For this exercise, return exactly the lines of the material below that begin at the one with "256GB �ǥ����ץ֥롼 Apple�� SIM�ե꡼" and stop after the one with "夏休みランチに☆ロコモコ丼みたいなそぼろ丼".

# Material supplied:
--- START ---

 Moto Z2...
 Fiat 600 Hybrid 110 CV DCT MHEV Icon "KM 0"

--- END ---
--- START ---

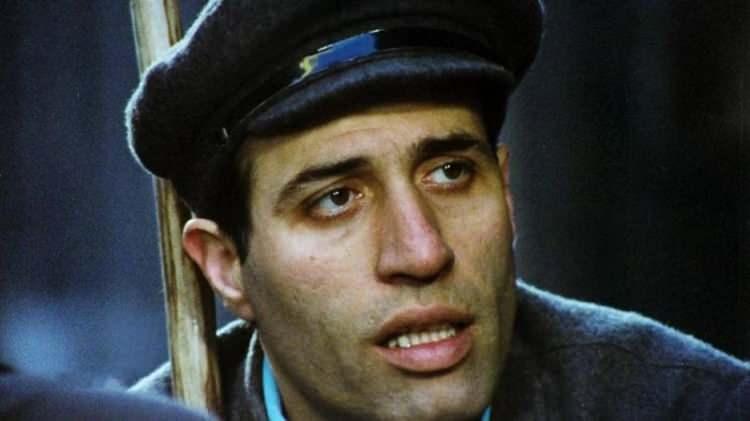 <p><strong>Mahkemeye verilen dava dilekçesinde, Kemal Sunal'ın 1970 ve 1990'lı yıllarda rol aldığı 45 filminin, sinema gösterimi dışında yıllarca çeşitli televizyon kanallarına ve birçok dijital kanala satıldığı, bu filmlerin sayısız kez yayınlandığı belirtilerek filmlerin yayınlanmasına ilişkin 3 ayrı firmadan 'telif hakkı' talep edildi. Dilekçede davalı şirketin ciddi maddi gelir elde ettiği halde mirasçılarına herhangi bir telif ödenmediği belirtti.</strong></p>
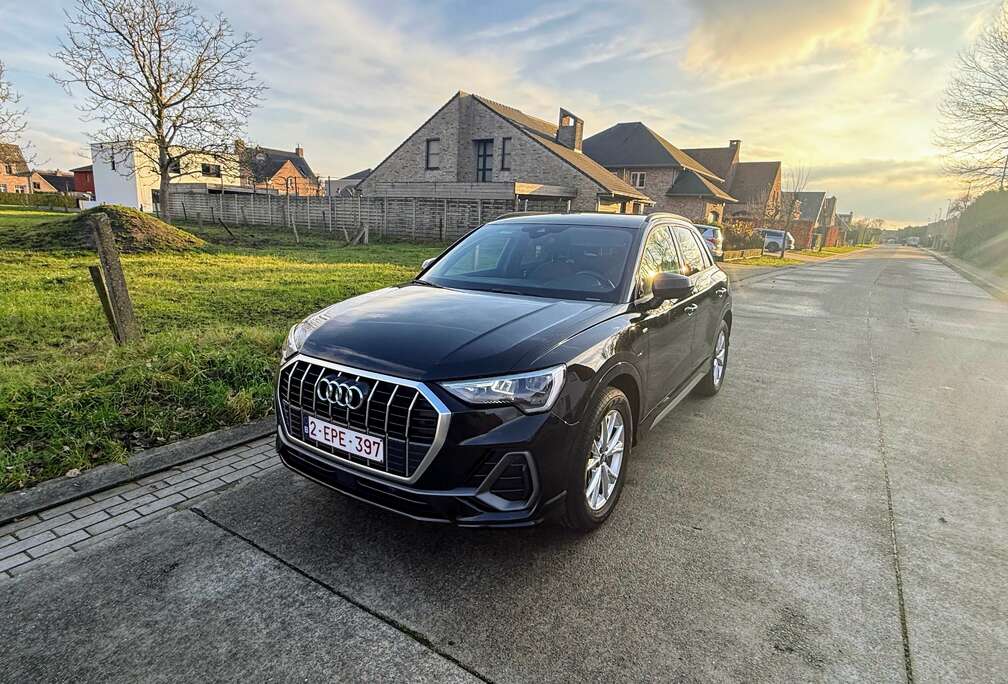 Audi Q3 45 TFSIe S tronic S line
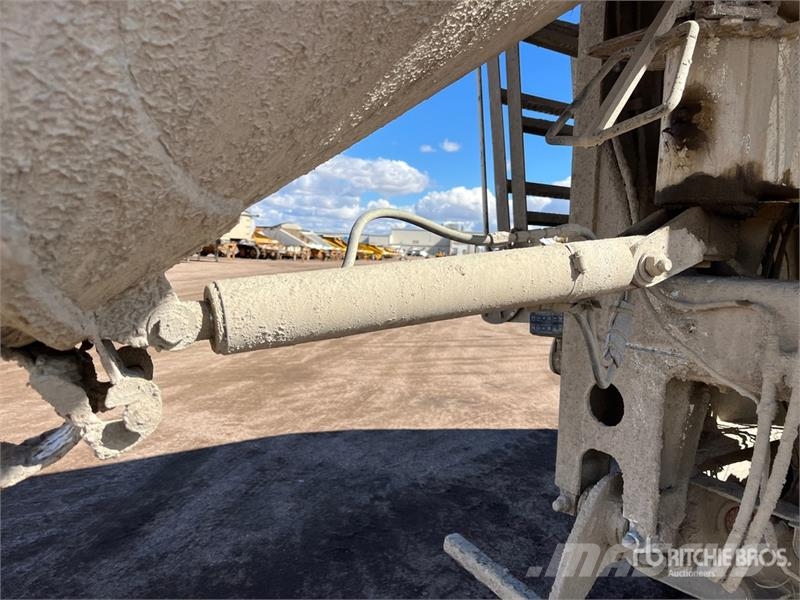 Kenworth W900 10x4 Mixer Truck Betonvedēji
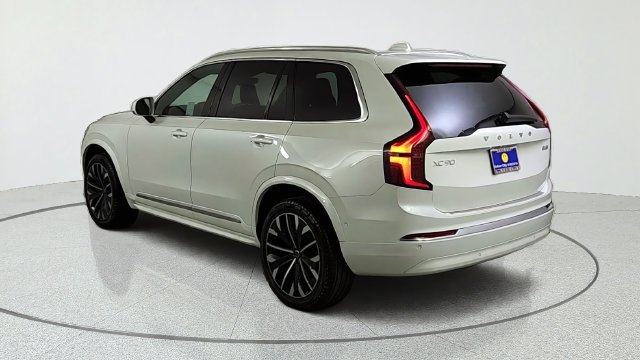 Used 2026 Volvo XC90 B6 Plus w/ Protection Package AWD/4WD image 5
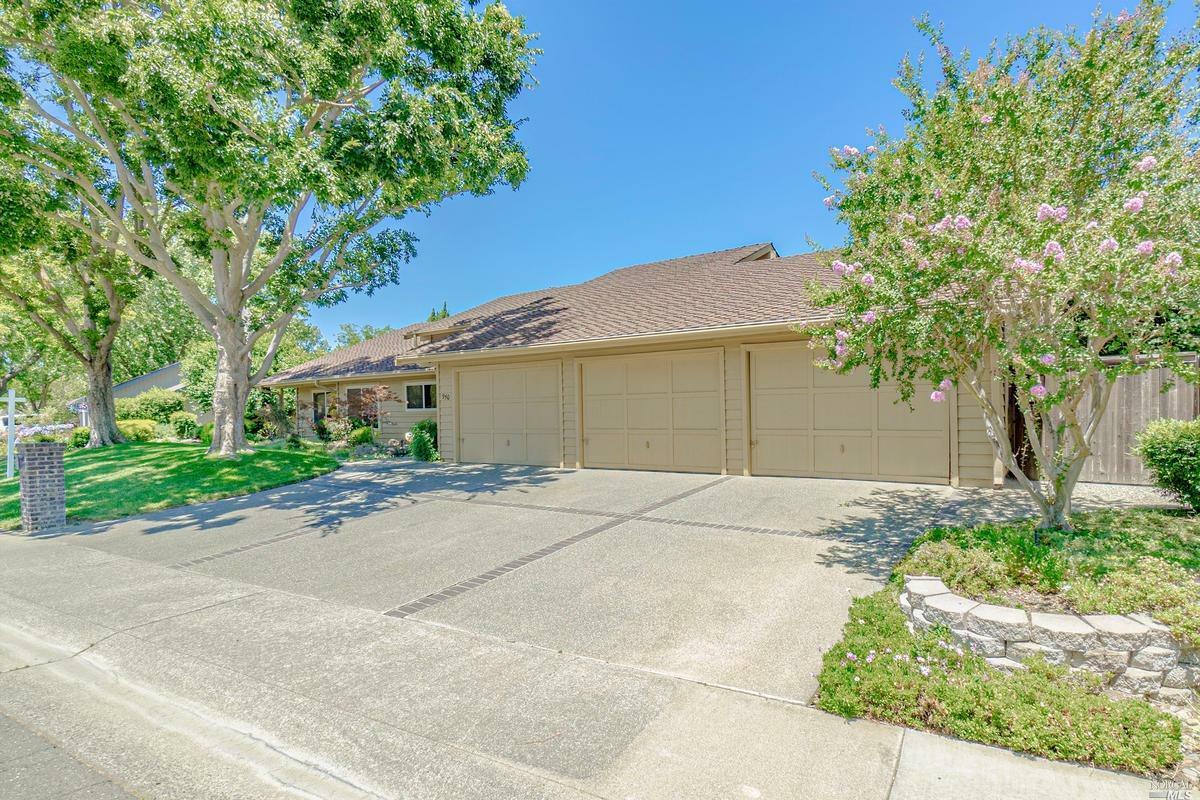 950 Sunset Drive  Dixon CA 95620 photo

--- END ---
--- START ---

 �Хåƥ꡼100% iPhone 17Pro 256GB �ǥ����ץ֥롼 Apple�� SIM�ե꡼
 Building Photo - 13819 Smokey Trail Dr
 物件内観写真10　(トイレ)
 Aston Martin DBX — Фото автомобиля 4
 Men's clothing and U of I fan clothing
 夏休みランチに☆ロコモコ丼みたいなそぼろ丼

--- END ---

# Task solution:
 �Хåƥ꡼100% iPhone 17Pro 256GB �ǥ����ץ֥롼 Apple�� SIM�ե꡼
 Building Photo - 13819 Smokey Trail Dr
 物件内観写真10　(トイレ)
 Aston Martin DBX — Фото автомобиля 4
 Men's clothing and U of I fan clothing
 夏休みランチに☆ロコモコ丼みたいなそぼろ丼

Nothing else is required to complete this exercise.